4 December 2022

NSA cyber director talks threats, opportunities

By JOHN SAKELLARIADIS

— Rob Joyce, director of NSA’s cybersecurity directorate, spoke with MC about his agency’s fight against ransomware, how not to defend the country’s essential infrastructure, a controversial new law in China and a whole lot more. It’s a special, Joyce-heavy edition of MC that’s tailor-made to cure your food coma.

HAPPY MONDAY, and welcome to Morning Cybersecurity! They used to say our Founding Fathers would recoil in horror if they saw modern America.

Then we played the Brits to a 0-0 tie in the group stage of the 2022 World Cup.

Enjoy a Sam Adams on us, Sam Adams. You’re welcome.

Got tips, feedback or other commentary? Send them my way at jsakellariadis@politico.com. You can also follow @POLITICOPro and @MorningCybersec on Twitter. Full team contact info is below.

Want to receive this newsletter every weekday? Subscribe to POLITICO Pro. You’ll also receive daily policy news and other intelligence you need to act on the day’s biggest stories.

RANSOMWARE

DON’T RE-JOYCE YET — The country’s top cyber warriors are dedicating “substantial resources” to combating ransomware, but attack activity is “back to as much or more than the historical norm,” Rob Joyce, director of NSA’s cybersecurity directorate, told MC in a wide-ranging interview that took place shortly before the U.S. turkey population took a sudden and entirely explicable nose-dive.
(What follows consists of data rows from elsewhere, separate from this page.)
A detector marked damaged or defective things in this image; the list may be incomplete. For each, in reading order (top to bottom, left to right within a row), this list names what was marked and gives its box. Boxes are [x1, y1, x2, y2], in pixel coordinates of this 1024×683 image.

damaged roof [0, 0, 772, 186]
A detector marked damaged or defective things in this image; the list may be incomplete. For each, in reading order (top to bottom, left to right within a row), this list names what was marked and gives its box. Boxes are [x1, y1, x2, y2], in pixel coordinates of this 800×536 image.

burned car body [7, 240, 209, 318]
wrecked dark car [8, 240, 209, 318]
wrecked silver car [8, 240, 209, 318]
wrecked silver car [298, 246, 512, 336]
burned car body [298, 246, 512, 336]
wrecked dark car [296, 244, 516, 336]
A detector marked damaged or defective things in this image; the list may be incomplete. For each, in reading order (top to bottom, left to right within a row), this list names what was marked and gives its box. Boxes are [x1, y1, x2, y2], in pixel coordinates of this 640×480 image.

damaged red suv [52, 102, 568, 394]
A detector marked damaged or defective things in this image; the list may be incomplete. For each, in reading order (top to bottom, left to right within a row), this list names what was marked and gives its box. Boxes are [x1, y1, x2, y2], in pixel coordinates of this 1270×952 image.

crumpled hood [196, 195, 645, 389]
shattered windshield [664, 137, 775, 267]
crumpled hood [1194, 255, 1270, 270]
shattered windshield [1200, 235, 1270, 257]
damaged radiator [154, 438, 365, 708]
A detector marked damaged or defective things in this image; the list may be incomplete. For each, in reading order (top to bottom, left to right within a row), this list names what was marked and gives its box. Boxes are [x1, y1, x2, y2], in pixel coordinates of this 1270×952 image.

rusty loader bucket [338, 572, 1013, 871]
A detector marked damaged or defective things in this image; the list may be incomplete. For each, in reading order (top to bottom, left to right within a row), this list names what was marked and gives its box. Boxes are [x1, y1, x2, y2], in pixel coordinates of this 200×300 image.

Following a string of large-scale ransomware attacks last summer, NSA and Cyber Command recognized that extortion-based cybercrime had become a national security issue. To mitigate the problem, they built a “standing organization” comprising NSA and Cyber Command personnel that is “focused exclusively on pursuing ransomware,” said Joyce.

But the government’s new counter-ransomware efforts are not having the impact many hoped, as Joyce acknowledged during the interview.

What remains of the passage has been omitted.